Recruitment at Pennington Biomedical Research Center (PBRC) was centralized. PBRC communications and marketing specialists created advertisements for our studies and media coverage to boost recruitment efforts. Our recruitment strategies used targeted advertisements on social media (Craigslist as well as paid ads on Facebook, Instagram, and Twitter) and e-mail blasts through our e-mail listserv. We also used traditional methods of face-to-face recruiting and flyer drops that target community venues including branches of the local public library, commercial retail outlets (YMCA, restaurants, etc.), and community parks and recreational facilities.

Study design

This pilot study was a single-blinded parallel arm randomized controlled trial examining SSB and a nutritionally equivalent SSS with a 1:1 allocation ratio performed at Pennington Biomedical Research Center in Baton Rouge, Louisiana from July 2017 till June 2018. Stratified block randomization was performed by the biostatistician using SAS v9.4 within each BMI group (normal weight, overweight, or obese) with randomized blocks of size 2. Investigators and clinic staff obtaining outcome assessments (i.e. body weight) were blinded to participant treatment. Due to the nature of the study, participants could not be blinded. Thus participants and intervention staff providing the product and checking compliance were not blinded. The Consort Diagram is shown in Fig 1. Participants consumed products daily for 28 days with assessments occurring at baseline and day 28. During a screening visit, participants were consented and a fasting weight and height were obtained. Also participants completed a taste test to ensure that they would be willing to consume the study foods. The taste test relied on a 9-point Likert scale, anchored from 1 (Dislike Extremely) to 9 (Like Extremely), and asked participants to rate the texture, flavor, and overall acceptability of both products, as well as the ability to eat the product for 28 days (answered as ‘yes’ or ‘no’). Then, individuals were excluded if they stated they were unable to eat the product for 28 days.

At the study assessment visits, participants arrived at the biomedical research center well rested following a 10–12 hour fast. Fasting body weight was obtained by a trained clinic coordinator. A series of psychological assessments were performed including:

The Retrospective VAS (RVAS) is used to measure subjective ratings of hunger, satiety, desire to eat, fullness, and prospective food consumption over the past week. When completing RVAS, participants rate the intensity of these subjective states on a line anchored from “not at all” to “extremely.” The line is divided into 100 equal units. Research supports the reliability and validity of RVAS for measuring subjective states related to food intake [24].

The Food Craving Inventory (FCI) is a 33-item measure of specific food craving. The FCI assesses the frequency with which an individual experiences a craving for a particular food. The measure consists of 5 empirically-derived factors: High fats, Sweets, Carbohydrates/starches, Fruits/Vegetables, and Fast food fats. All items are scored in a 1 (Never) to 5 (Always) multiple choice format. The measure has demonstrated good reliability and validity [25, 26].

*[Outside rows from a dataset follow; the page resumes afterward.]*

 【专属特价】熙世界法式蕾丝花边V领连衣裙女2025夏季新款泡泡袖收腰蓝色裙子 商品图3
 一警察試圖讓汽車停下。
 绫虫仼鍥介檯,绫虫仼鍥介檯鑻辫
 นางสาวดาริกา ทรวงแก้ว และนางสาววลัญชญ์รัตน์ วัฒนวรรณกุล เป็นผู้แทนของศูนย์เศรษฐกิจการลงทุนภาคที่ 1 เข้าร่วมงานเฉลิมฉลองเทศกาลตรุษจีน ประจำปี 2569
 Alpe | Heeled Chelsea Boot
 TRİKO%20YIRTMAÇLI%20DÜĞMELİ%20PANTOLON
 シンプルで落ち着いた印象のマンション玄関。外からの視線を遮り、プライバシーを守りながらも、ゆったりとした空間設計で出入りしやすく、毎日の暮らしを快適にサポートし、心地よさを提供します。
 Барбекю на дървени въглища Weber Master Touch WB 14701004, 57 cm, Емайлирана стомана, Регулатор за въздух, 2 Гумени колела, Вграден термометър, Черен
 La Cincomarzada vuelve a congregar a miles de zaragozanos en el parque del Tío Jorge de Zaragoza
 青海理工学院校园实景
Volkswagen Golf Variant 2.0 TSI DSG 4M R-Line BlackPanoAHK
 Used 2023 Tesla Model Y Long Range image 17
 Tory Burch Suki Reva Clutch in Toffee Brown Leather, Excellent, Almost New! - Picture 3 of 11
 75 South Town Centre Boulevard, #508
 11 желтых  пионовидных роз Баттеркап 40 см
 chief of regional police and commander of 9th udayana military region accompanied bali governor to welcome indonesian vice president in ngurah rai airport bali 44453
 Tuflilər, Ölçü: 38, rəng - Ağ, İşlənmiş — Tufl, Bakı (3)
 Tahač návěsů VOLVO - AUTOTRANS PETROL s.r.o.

The Barratt Impulsiveness Scale (BIS) is a 30-item self-report measure describing impulsive or non-impulsive behaviors and preferences. The scale consists of 6 first order factors: Attention, Cognitive Stability, Motor, Perseverance, Self-Control, and Cognitive Complexity; and 3 second order factors: Attentional, Motor and Non Planning. The items are rated on a 4-point scale with responses ranging from 1 (Rarely/Never) to 4 (Almost Always /Always). The measure assesses the personality/behavioral construct of impulsiveness [27], and has demonstrated good psychometric properties in multiple populations [28].

The Yale Food Addiction Scale (YFAS) [29] is a 27-item self-report questionnaire used to identify individuals showing tendencies for addictive-like behaviors towards certain types of foods, such as those high in fat or sugar. The measure also allows subjects to subjectively identify specific problem foods.

Urine pregnancy test was performed on females (and read by medical investigator prior to MRI). Lastly, functional MRI (fMRI) was performed.

The baseline clinic visit occurred approximately within one month after the screening visit. For females, the baseline visit, and the follow-up visit 28 days later, occurred during the luteal phase of the menstrual cycle. Participants were stratified based on BMI class and treatment. Each group had at least 3 participants with normal weight, overweight, and obesity based on BMI. Participants returned to the center weekly for adherence checks and provision of study foods.


The SSB was a 20 fluid oz. Coca-Cola® without a label. It was augmented with 2.1 g of whey protein powder (ProCel, Global Health Products, Inc., Rochester, NY) to match the additives in the gelatin (Knox; E.D.Smith® Foods, Ltd.) that was used to make the SSS. The SSB was 248 kcal. The SSS was made with Coca-Cola® syrup concentrate (i.e. fountain syrup) and provided equal energy content to the 20 oz. SSB (248 kcal). It included 3.0 g of gelatin to produce the solid form (Fig 2). It also included 3.5 mg sodium from NaCl, 11.1 mg potassium from KCl, and 11.5 mg calcium from CaCl (all from Letco Medical, Wayne, PA), which were included to make it nearly identical to the SSB (energy, macronutrients, and micronutrients). Thus, the difference between products was the fluid (i.e. water content) between the SSB and SSS.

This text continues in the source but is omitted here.